[Exercise] Please repeat the whole listing exactly, but leave out any picture it holds.

[Data provided]
◇ ◇ ◇ ◇ ◇ ◇ ◇

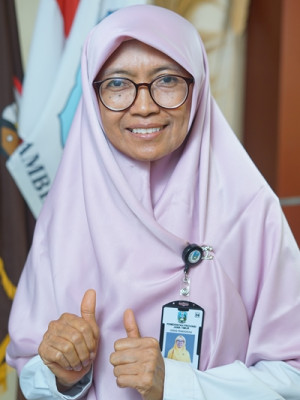 Dra. TITIN SURYANI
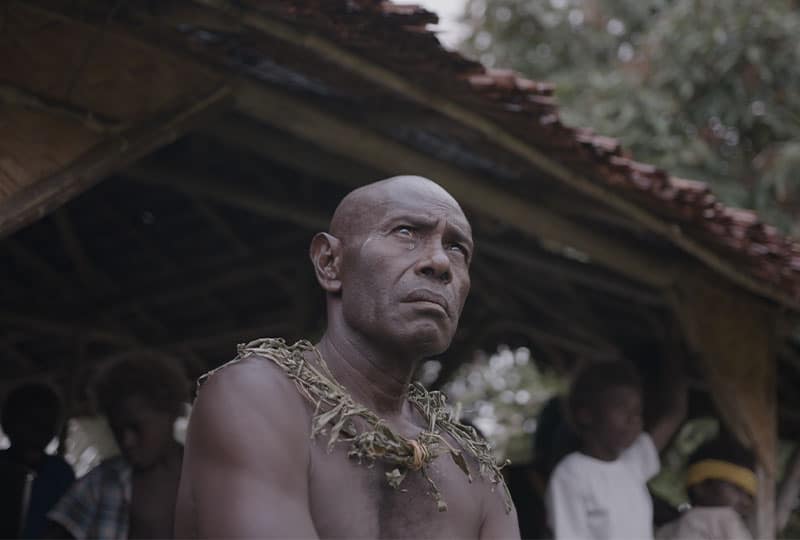 a man sat looking into the distance.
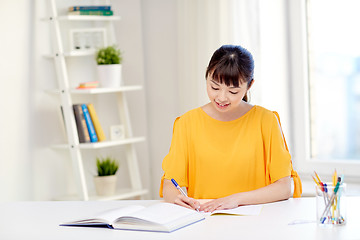 Image showing happy asian young woman student learning at home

◇ ◇ ◇ ◇ ◇ ◇ ◇

[Answer section]
 Dra. TITIN SURYANI
 a man sat looking into the distance.
 Image showing happy asian young woman student learning at home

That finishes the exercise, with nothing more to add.